Using the entries that follow, write out the line containing "Просто Пиончик —", the line containing "2019 MASERATI Ghibli", and every line between them, exactly and nothing else.
Top of Dataset content
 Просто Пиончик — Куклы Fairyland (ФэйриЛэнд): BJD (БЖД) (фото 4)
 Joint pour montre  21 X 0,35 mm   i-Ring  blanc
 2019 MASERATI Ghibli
Bottom of Dataset content
Top of Dataset content
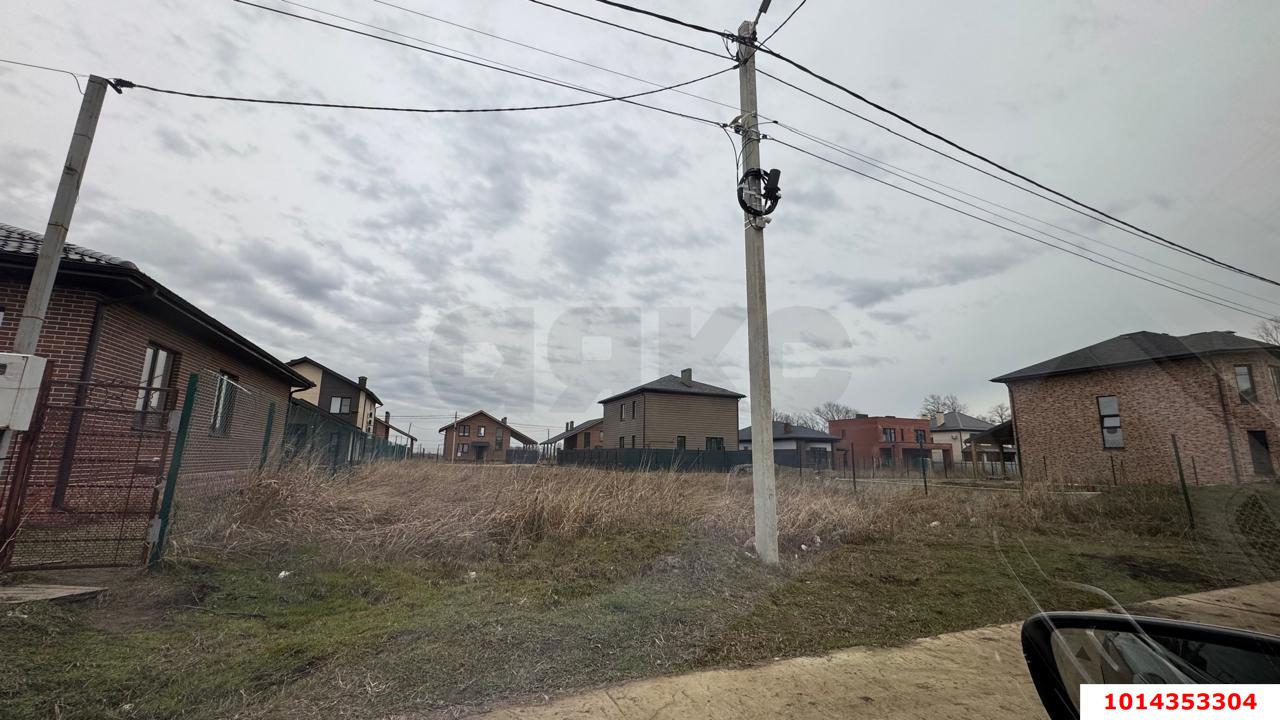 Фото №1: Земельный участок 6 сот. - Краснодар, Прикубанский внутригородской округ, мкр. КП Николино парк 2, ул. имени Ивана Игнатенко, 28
Bottom of Dataset content
Top of Dataset content
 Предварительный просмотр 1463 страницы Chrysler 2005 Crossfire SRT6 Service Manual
Bottom of Dataset content
* [Response to the task]
 Просто Пиончик — Куклы Fairyland (ФэйриЛэнд): BJD (БЖД) (фото 4)
 Joint pour montre  21 X 0,35 mm   i-Ring  blanc
 2019 MASERATI Ghibli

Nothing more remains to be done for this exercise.